Moz Q&A is closed.
After more than 13 years, and tens of thousands of questions, Moz Q&A closed on 12th December 2024. Whilst we’re not completely removing the content - many posts will still be possible to view - we have locked both new posts and new replies. More details here.
Wildcarding Robots.txt for Particular Word in URL
-
Hey All,
So I know that this isn't a standard robots.txt, I'm aware of how to block or wildcard certain folders but I'm wondering whether it's possible to block all URL's with a certain word in it?

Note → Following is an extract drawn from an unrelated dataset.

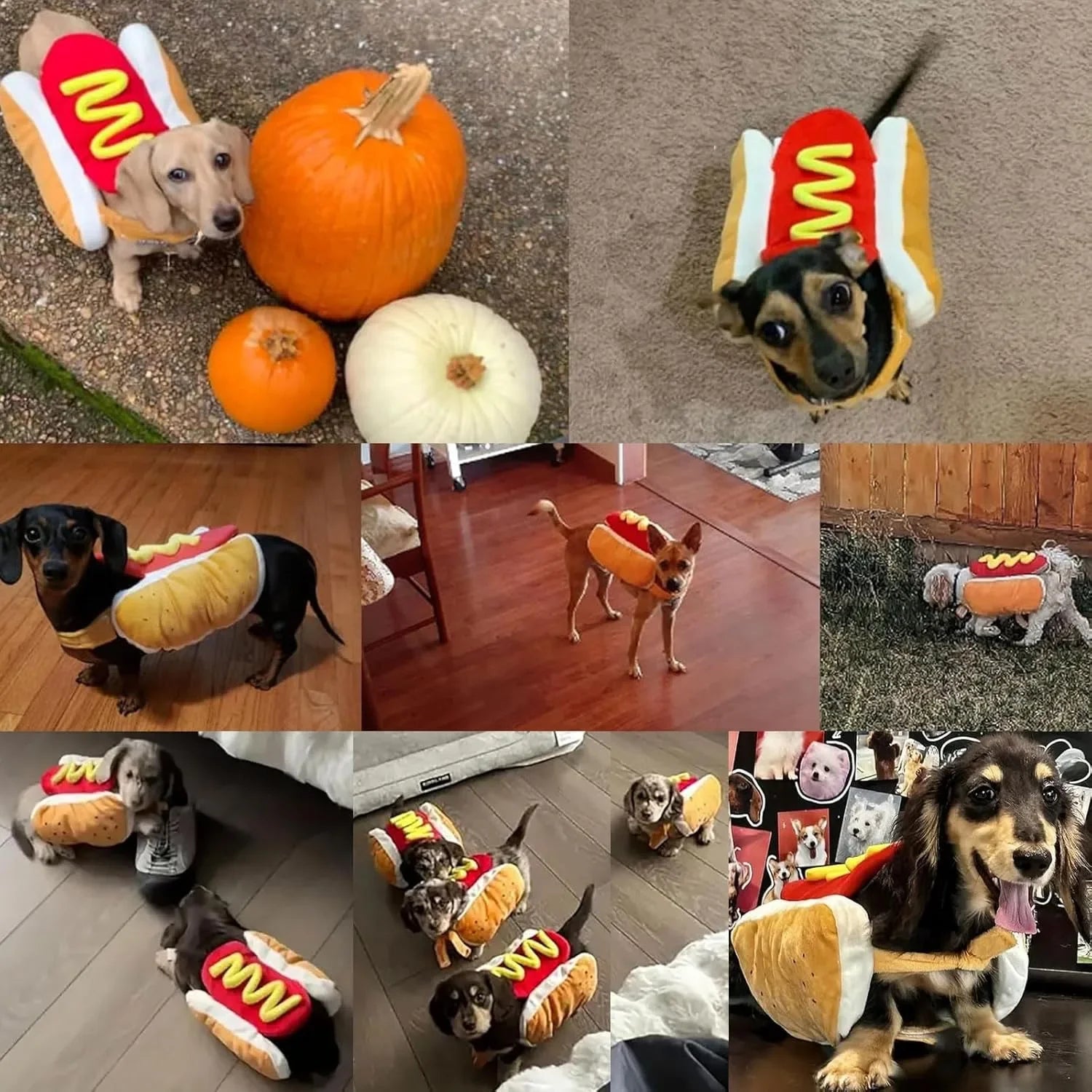 Hotdog Costume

We have a client that was hacked a year ago and now they want us to help remove some of the pages that were being autogenerated with the word "viagra" in it. I saw this article and tried implementing it https://builtvisible.com/wildcards-in-robots-txt/ and it seems that I've been able to remove some of the URL's (although I can't confirm yet until I do a full pull of the SERPs on the domain). However, when I test certain URL's inside of WMT it still says that they are allowed which makes me think that it's not working fully or working at all.
In this case these are the lines I've added to the robots.txt
Disallow: /*&viagra
Disallow: /*&Viagra
I know I have the solution of individually requesting URL's to be removed from the index but I want to see if anybody has every had success with wildcarding URL's with a certain word in their robots.txt? The individual URL route could be very tedious.
Thanks!
Jon
-
Hey Paul,
Great answer, for some reason it totally slipped my mind that robots.txt is a crawling directive and not an index one. Yes the pages return a 404 on the headers. I've grabbed a copy of the complete SERPS and will now manually disallow them.
Thanks!
Jon
-
Thank for the endorsement, Christy! Funny, I only just now saw Rand's recent WBF related to this topic, but pleased to see my answer lines up exactly with his info.

P.
-
You need to be aware, Jonathan, that there is absolutely nothing about a robots.txt disallow that will help remove a URL from the search engine indexes. Robots is a crawling directive, NOT an indexing directive. In fact, in most cases, blocking URLs in robots.txt will actually cause them to remain in the index even longer.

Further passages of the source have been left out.